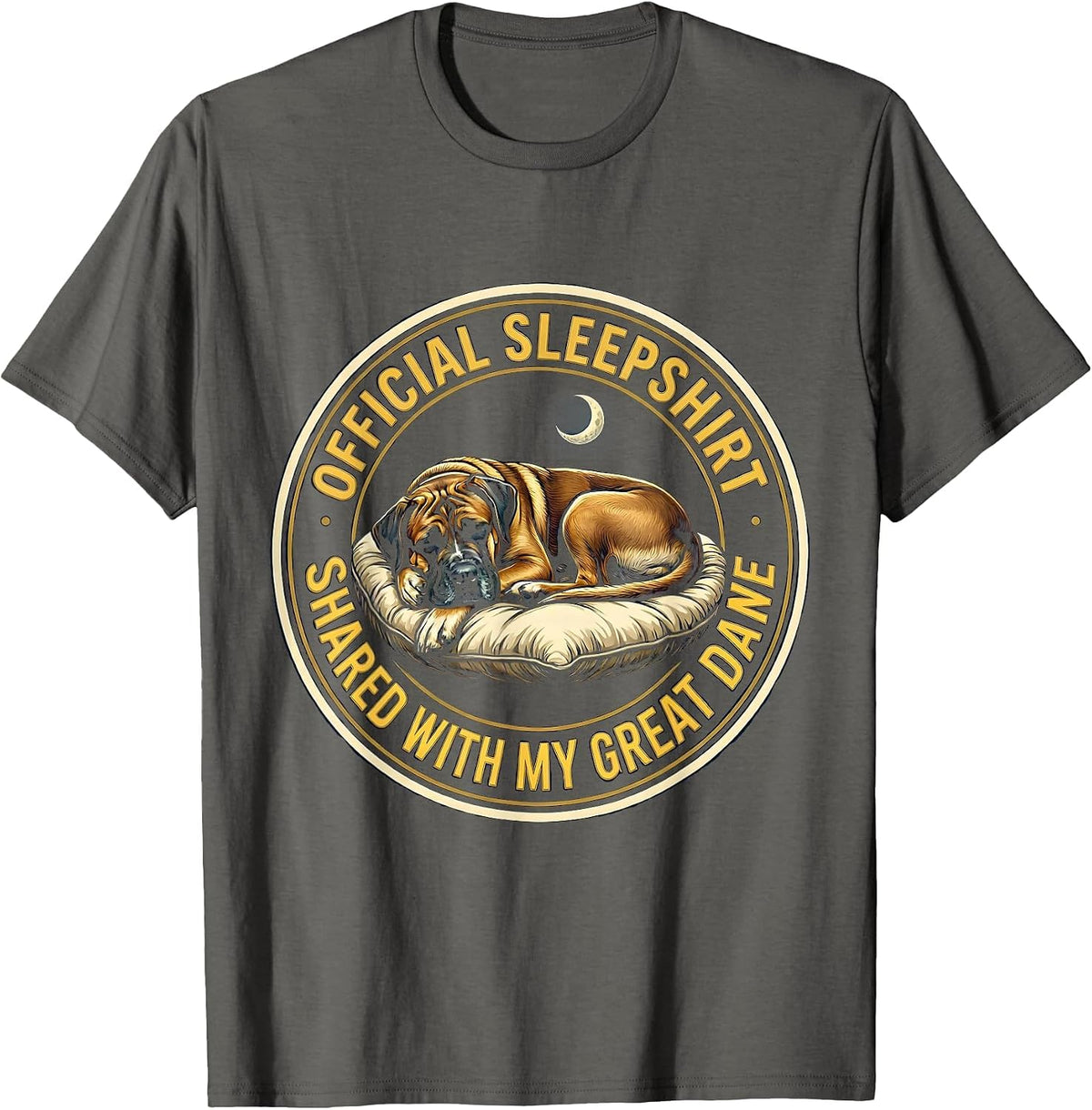 Official Sleepshirt, Shared With My Great Dane Dog Lover T-Shirt - Asphalt Grey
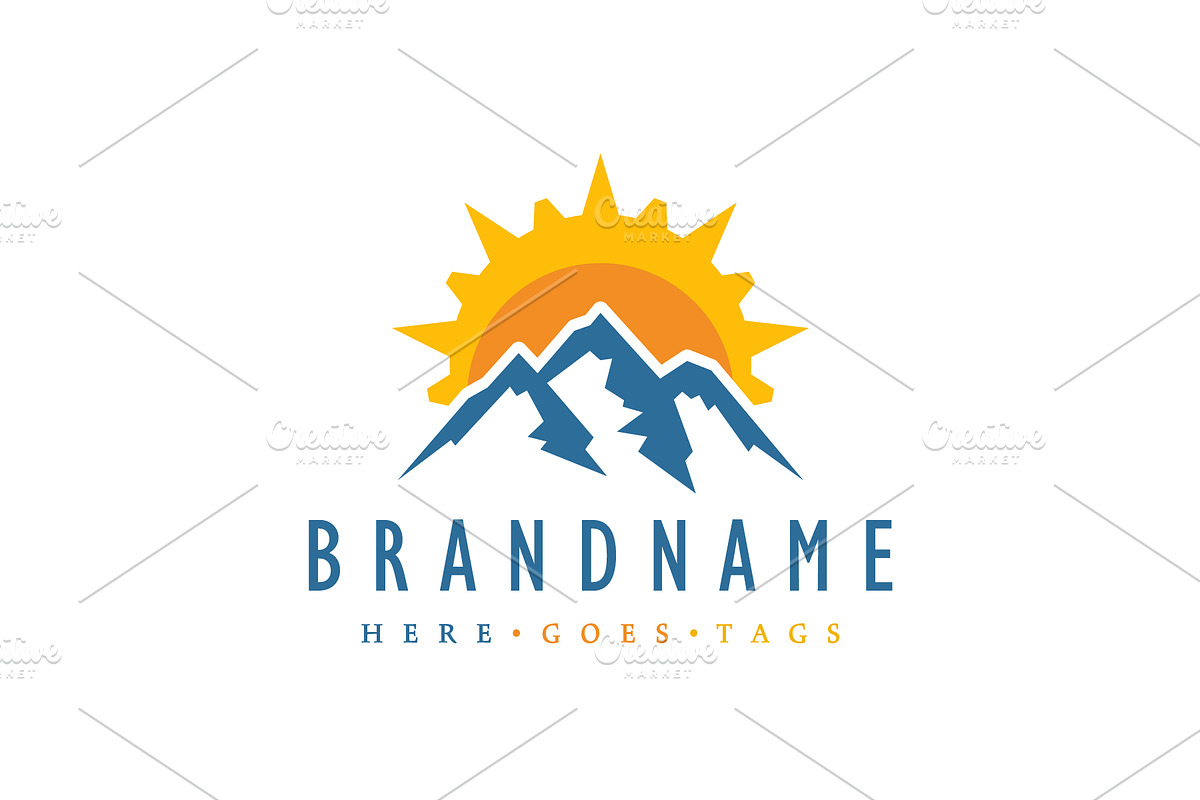 Mountain Sun Custom Logo, a Branding & Logo Template by ARTE MIGUEL (Photo 1 of 3)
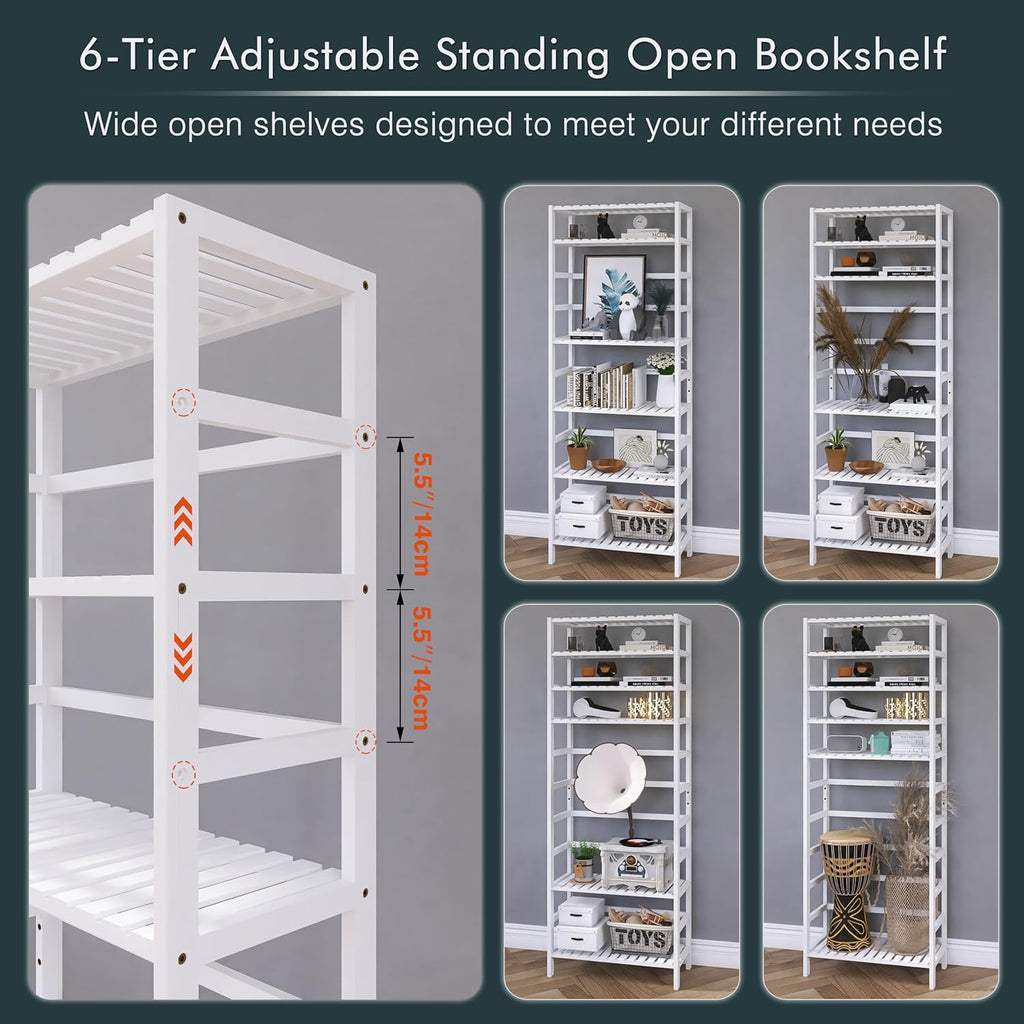 Bamboo Bookshelf Wall Cabinet with Adjustable Shelves and Hanging Hooks, White S151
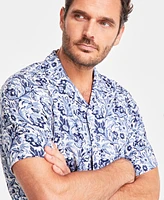 Club Room Men's Floral Silk-Blend Short-Sleeve Button-Down Shirt, Created for Macy's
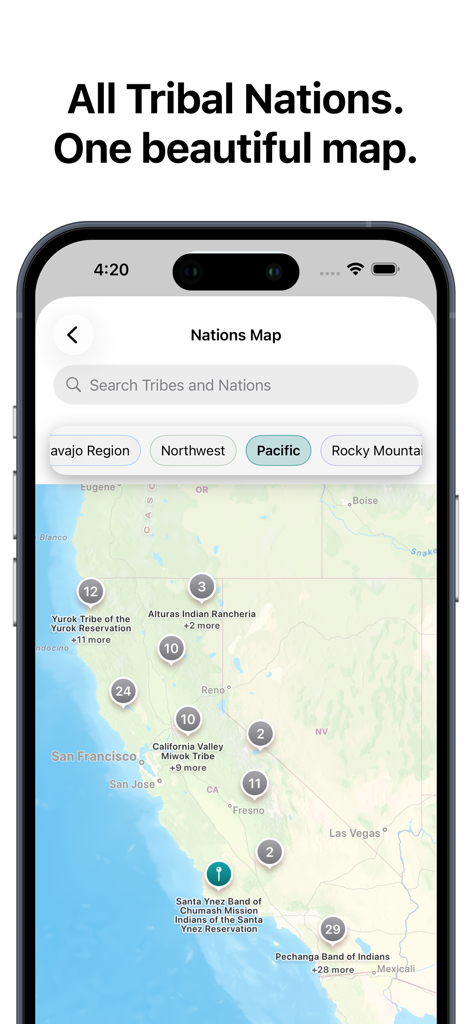 Native Nations - Interface de l'application Native Nations montrant une carte interactive des emplacements tribaux aux États-Unis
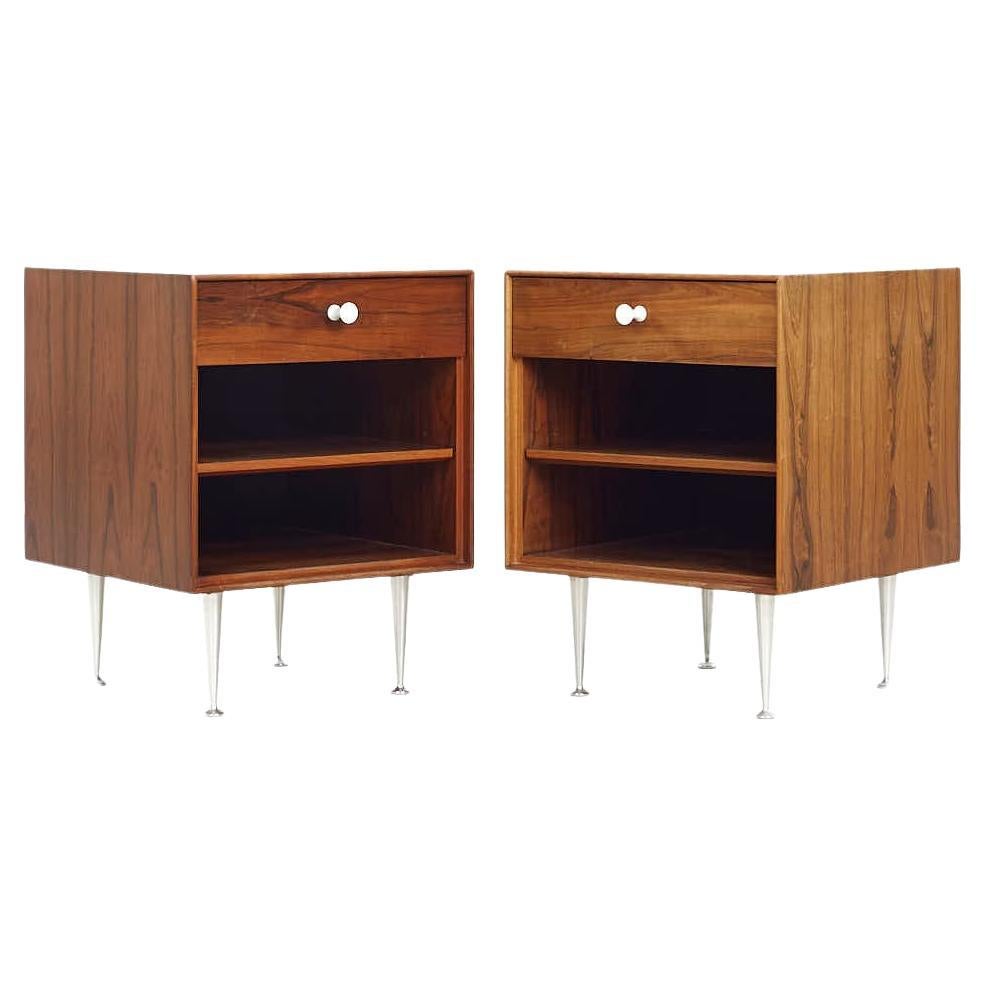 George Nelson for Herman Miller MCM Rosewood Thin Edge Nightstands – Pair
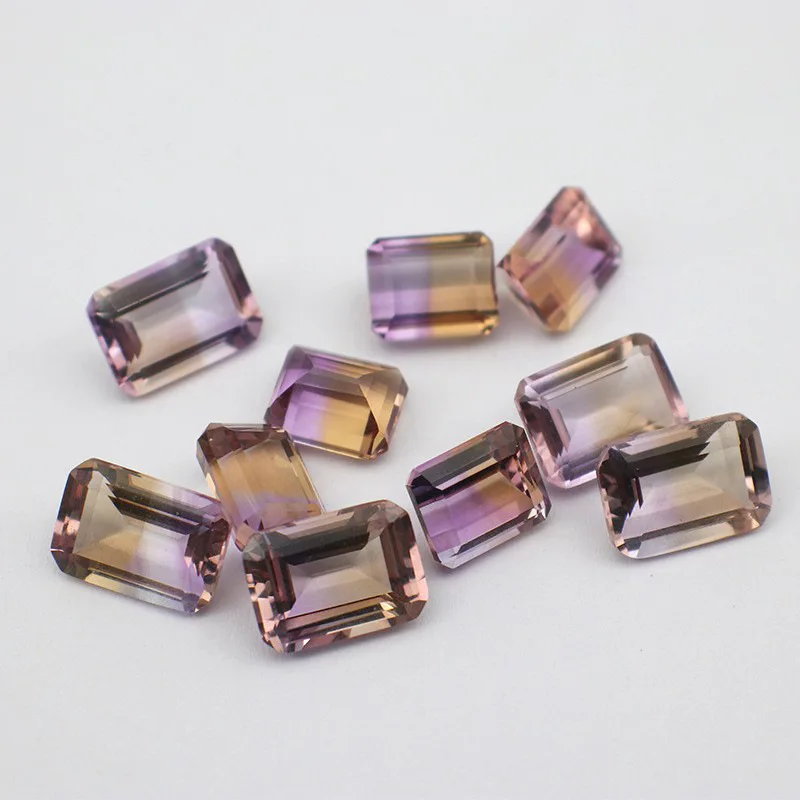 

Натуральный аметист, прямоугольная оправа, свободный камень, бразильский аметист, двухцветный драгоценный камень, ювелирное изделие с инкрустацией камнями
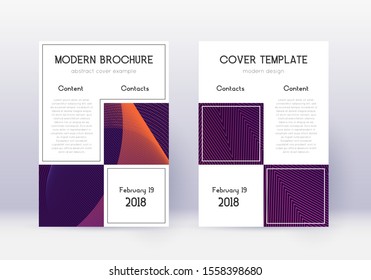 Business cover design template set. Violet abstract lines on dark background. Attractive cover design. Curious catalog, poster, book template etc.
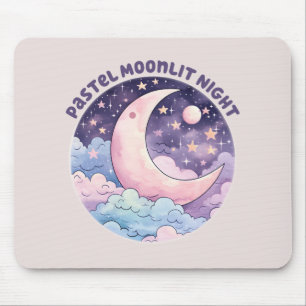 Tapis De Souris Nuit Pastel Moonlit - Dreamcent Crescent Moon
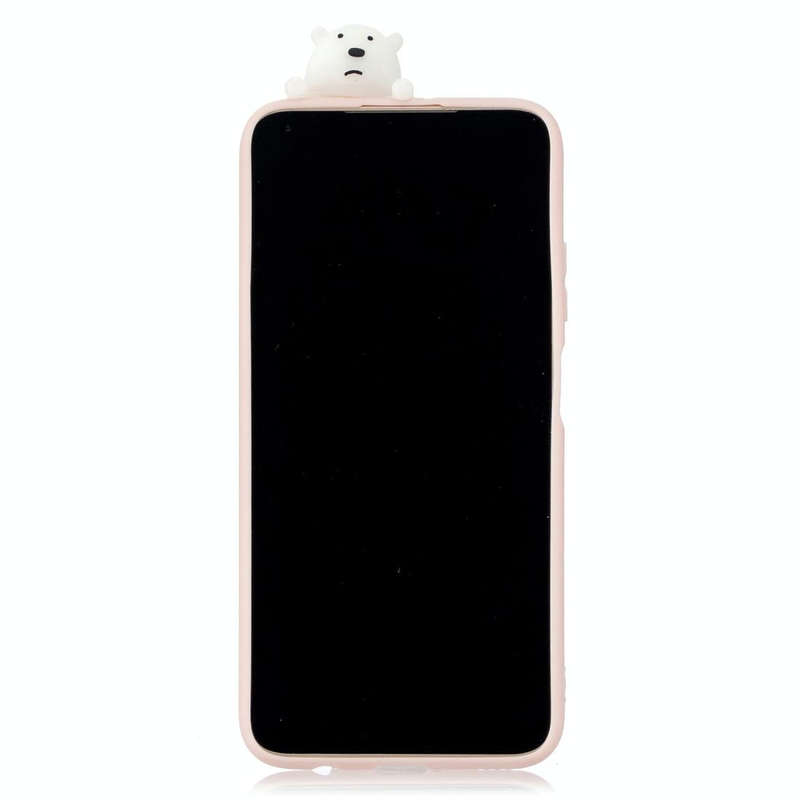 For Huawei P40 Lite Shockproof Colored Painted Lying Cartoon TPU Protective Case(Big White Bear)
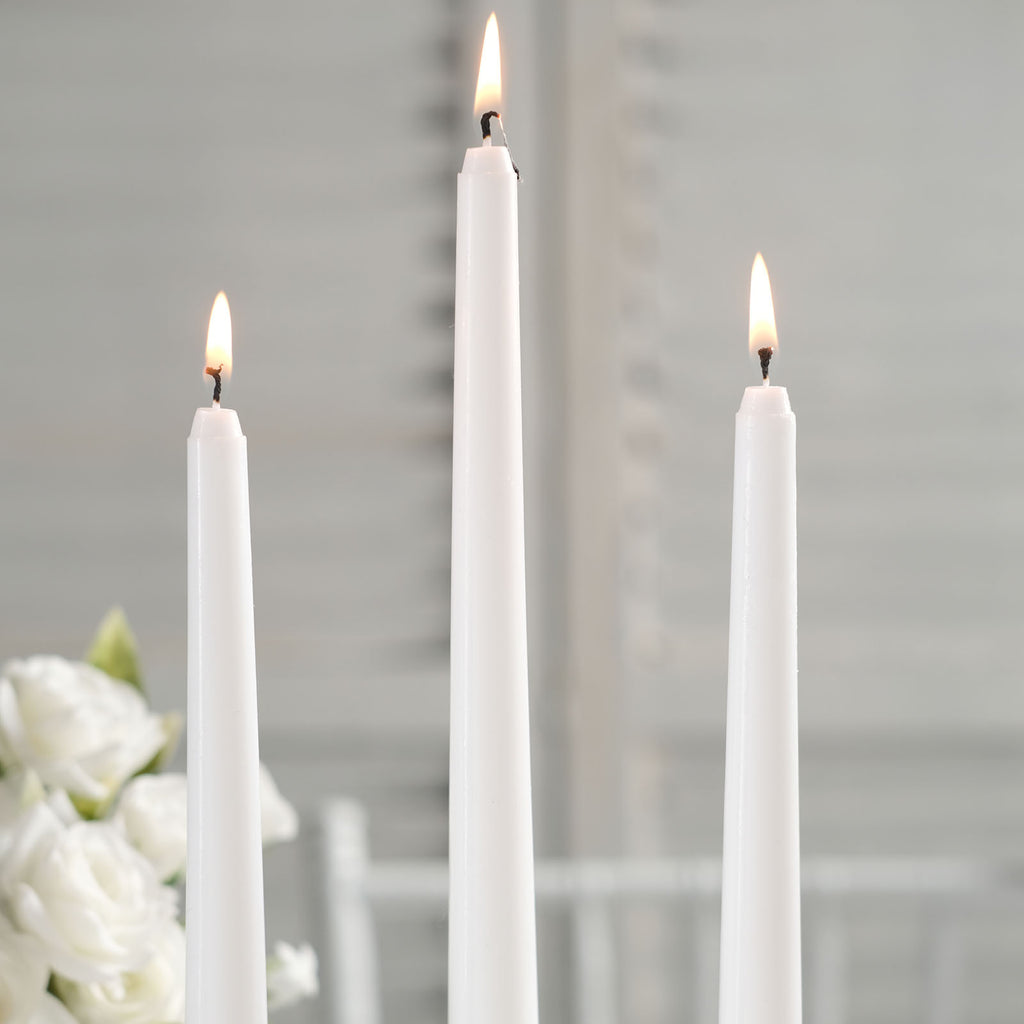 WHITE 12 Spiral 11 Long Unscented Premium Wax Taper CANDLES Party  Decorations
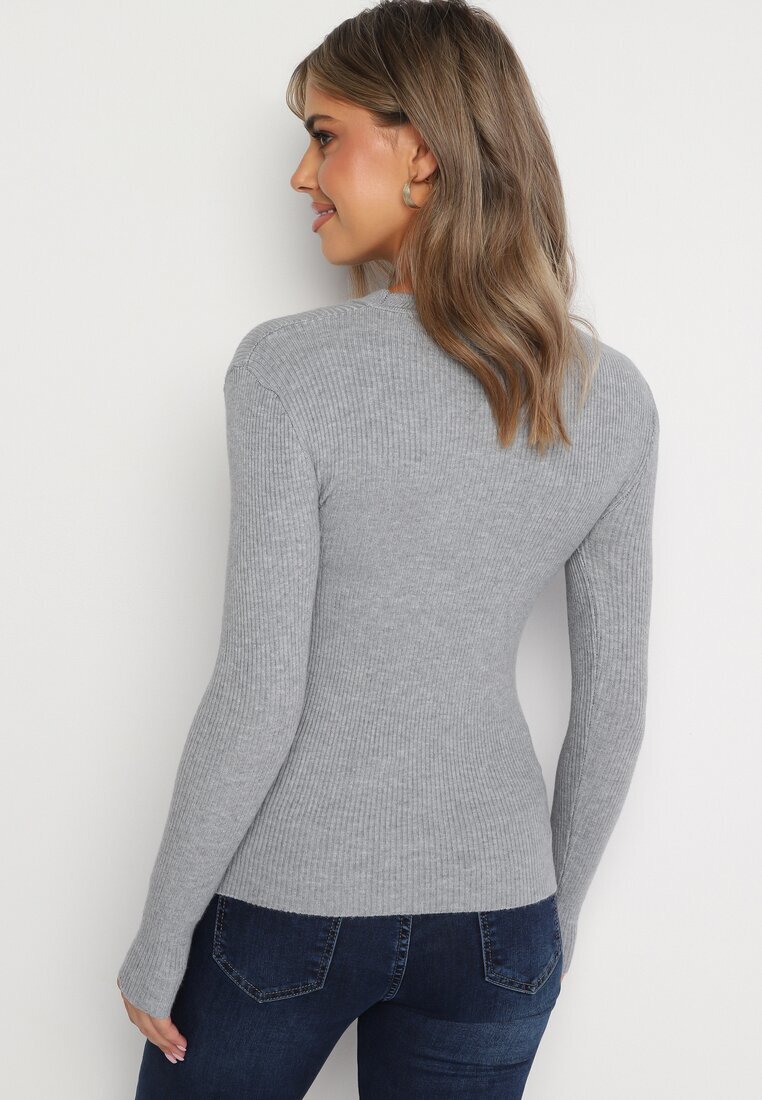 j&x Bluză Gri cu Mâneci Lungi din Tricot cu Dungi Delicate Terilanne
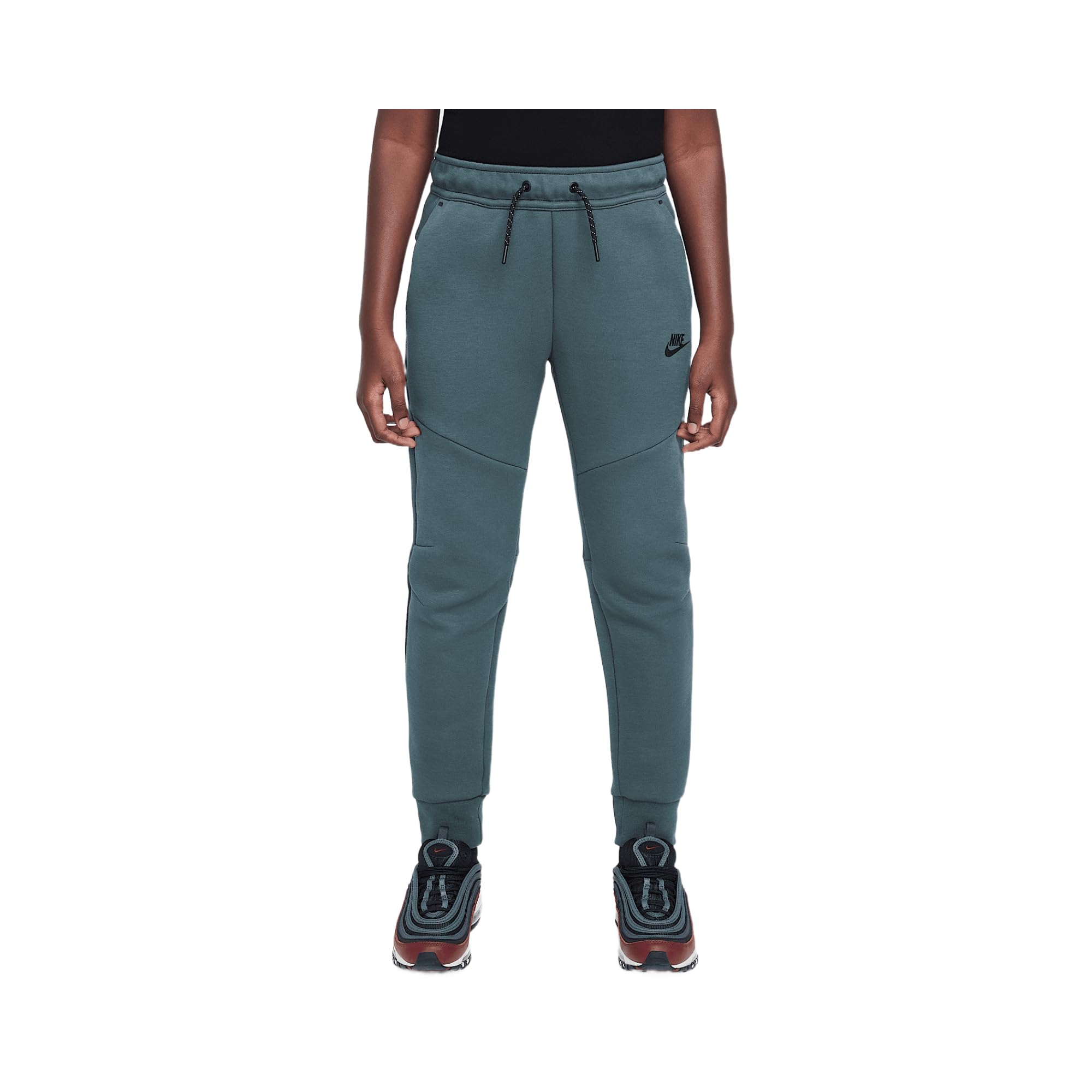 Nike Sportswear Tech Fleece Big Kids' Joggers (HV5869-338, Vintage Green/Black/Black) Size Small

→ Exercise brief:
Your copy must begin at the line containing "j&x Bluză Gri" and end at the last line of the material above. Reproduce each line exactly, but not the pictures.

→ Task solution:
 j&x Bluză Gri cu Mâneci Lungi din Tricot cu Dungi Delicate Terilanne
 Nike Sportswear Tech Fleece Big Kids' Joggers (HV5869-338, Vintage Green/Black/Black) Size Small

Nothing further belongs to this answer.